I thought the show was great I could watch shows like this all the time, My only problem with it was at the end were they showed the pictures, I couldnt read the captions fast enough lol. but thats more of a personal problem lol


----------



## 419deerhunter (Mar 23, 2011)

Bluebuster6912 said:


> I thought the show was great I could watch shows like this all the time, My only problem with it was at the end were they showed the pictures, I couldnt read the captions fast enough lol. but thats more of a personal problem lol


I couldnt read them either you would of had to been a speed reader to catch it


----------



## c. j. stone (Sep 24, 2006)

Bluebuster6912 said:


> I thought the show was great I could watch shows like this all the time, My only problem with it was at the end were they showed the pictures, I couldnt read the captions fast enough lol. but thats more of a personal problem lol


Yeah, fortunately I had taped them on DVR and could run them back and forth. Strangest one was "Cap'n" Hatfield(with the clouded eye) became a LAWYER(must not have been very good at it, he later became a Dep. Sheriff!)


----------



## c. j. stone (Sep 24, 2006)

Slatebar said:


> I never liked to watch Kevin Kosner.But I really enjoyed watching him in the 3 episodes of this. Like the other poster I grew up on the Tug in Mingo W.Va./Martin Ky. Countys and seems this ran close to what we were always told about the families.


I used to catch suckers, chubs, and "redeyes"(rock bass) out of Tug River. Killed many copperheads in/near the water during "Dog Days"(mid july thru august) when the hills got parched and the snakes went to the streams. Can't believe I never got bit!


----------



## Bonecrusher (Aug 7, 2010)

Family all from Boone county and I remembered the story well. My wife was all into the show and started getting irratated at my commentary and historical insight. She calls me a "******* Historian" She got flat out mad when I started to tell her where the term ******* came from  

Great show, well written, and well acted.


----------



## Bassbme (Mar 11, 2012)

Intimidator said:


> I really enjoyed it and will probably get the Blu-ray!
> The series seems to run very true to exactly what happened...I can't believe it went on so long...did it seem that Ran'l McCoy was suffering from PTSD after the war and that's what started the whole feud???

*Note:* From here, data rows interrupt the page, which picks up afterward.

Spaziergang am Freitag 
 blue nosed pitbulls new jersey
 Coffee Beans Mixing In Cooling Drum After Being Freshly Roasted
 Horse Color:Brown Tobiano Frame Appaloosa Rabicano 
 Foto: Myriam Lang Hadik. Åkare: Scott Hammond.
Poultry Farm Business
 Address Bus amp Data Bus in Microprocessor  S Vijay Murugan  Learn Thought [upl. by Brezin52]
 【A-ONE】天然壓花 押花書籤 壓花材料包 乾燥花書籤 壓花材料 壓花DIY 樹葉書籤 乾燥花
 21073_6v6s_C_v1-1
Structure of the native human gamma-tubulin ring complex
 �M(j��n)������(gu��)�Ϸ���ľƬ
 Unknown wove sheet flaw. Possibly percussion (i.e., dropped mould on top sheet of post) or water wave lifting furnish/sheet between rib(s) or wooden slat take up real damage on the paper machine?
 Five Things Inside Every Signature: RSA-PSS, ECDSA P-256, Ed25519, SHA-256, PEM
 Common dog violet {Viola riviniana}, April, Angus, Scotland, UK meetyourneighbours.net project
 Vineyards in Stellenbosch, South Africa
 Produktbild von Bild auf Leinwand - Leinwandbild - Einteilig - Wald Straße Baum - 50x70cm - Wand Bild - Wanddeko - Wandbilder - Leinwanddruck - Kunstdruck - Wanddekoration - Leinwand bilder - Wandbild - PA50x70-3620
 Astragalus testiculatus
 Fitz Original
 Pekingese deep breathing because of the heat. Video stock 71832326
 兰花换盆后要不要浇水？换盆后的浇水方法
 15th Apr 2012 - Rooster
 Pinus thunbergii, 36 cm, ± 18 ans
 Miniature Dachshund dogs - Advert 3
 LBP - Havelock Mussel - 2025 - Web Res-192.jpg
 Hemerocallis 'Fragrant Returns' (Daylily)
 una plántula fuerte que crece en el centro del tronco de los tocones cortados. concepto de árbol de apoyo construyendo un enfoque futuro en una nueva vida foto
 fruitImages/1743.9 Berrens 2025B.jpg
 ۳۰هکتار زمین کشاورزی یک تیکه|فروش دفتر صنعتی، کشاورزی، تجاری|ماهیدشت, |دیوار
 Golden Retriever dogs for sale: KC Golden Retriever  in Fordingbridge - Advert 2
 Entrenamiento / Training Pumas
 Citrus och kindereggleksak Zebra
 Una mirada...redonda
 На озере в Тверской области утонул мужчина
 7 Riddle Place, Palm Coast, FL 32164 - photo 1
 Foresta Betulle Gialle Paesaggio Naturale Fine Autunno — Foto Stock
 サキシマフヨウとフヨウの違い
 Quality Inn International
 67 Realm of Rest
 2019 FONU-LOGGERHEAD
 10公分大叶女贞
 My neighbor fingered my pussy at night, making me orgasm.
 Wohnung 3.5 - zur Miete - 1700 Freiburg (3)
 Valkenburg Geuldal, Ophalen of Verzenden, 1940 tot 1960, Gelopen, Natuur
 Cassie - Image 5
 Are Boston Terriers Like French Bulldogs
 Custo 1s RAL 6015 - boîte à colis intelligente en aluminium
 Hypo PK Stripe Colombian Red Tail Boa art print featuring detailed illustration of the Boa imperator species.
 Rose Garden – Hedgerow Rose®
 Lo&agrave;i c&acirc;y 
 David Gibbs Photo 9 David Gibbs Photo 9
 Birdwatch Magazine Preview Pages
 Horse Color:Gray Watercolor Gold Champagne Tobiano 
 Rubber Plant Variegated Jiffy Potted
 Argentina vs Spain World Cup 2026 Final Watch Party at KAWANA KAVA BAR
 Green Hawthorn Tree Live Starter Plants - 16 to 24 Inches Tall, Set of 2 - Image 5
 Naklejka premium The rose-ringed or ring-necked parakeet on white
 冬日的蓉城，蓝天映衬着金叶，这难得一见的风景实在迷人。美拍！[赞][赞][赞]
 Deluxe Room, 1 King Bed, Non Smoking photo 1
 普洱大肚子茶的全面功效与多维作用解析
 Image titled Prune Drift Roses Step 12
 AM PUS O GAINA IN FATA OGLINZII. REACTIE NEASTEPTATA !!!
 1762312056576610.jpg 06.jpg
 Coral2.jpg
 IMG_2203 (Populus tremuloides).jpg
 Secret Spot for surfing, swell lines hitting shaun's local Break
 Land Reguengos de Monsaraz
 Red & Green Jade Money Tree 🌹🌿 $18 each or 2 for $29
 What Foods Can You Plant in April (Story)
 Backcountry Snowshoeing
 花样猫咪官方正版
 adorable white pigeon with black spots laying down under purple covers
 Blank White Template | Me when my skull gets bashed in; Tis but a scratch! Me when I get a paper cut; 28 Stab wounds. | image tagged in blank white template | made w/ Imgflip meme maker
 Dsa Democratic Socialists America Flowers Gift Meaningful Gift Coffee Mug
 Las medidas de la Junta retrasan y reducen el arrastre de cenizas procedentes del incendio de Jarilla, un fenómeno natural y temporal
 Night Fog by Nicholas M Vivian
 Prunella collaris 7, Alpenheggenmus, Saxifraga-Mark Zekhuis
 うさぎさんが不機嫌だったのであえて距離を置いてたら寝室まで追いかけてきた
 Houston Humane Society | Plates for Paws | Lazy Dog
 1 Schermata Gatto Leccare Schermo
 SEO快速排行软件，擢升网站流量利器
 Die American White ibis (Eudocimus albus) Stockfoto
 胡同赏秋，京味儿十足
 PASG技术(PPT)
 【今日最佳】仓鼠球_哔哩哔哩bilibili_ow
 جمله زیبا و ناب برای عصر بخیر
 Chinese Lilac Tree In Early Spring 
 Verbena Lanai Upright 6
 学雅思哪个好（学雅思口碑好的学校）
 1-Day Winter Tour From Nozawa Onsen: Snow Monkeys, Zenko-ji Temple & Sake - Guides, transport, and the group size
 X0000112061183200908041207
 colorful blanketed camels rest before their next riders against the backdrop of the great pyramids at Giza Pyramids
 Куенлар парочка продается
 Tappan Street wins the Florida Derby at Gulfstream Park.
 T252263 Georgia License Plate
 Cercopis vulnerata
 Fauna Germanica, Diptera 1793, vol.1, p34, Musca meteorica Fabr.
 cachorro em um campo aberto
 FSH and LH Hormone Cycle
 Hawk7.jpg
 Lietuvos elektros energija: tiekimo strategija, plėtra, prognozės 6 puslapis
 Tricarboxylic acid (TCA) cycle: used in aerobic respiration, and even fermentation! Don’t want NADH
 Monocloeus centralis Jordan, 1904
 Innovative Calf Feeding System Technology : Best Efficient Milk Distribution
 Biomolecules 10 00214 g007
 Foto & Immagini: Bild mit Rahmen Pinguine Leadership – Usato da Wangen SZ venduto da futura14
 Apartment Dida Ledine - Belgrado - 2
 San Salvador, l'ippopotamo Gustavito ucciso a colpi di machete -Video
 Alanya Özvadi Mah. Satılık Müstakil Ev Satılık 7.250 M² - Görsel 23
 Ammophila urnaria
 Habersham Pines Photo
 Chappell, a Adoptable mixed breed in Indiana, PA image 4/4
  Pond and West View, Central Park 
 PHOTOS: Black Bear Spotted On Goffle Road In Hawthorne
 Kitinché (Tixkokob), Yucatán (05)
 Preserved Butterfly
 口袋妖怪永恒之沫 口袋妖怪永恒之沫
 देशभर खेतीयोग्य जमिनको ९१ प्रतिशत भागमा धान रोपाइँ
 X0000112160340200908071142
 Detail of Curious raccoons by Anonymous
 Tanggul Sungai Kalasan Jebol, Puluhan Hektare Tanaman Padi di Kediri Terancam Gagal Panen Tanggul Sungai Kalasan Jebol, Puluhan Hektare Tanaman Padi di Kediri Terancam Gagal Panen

I loved the show too. When I first saw the advertisements for it I was hoping for more of a documentary kind of show. I never read that much about the feud, so as I was watching I couldn't help but wonder how historically accurate it was. I know there's the whole "artistic license" thing in movies around real events. I take it most of the things were factual, though? 

As far as what started the feud..... I think it was more of Hatfield being a deserter, and the fact that McCoy spent time in a prison camp While Hatfield was out living his normal life. Based on the movie I'd say it was McCoy who actually started the feud. Although I can understand McCoy's anger towards Hatfield for deserting during a battle. 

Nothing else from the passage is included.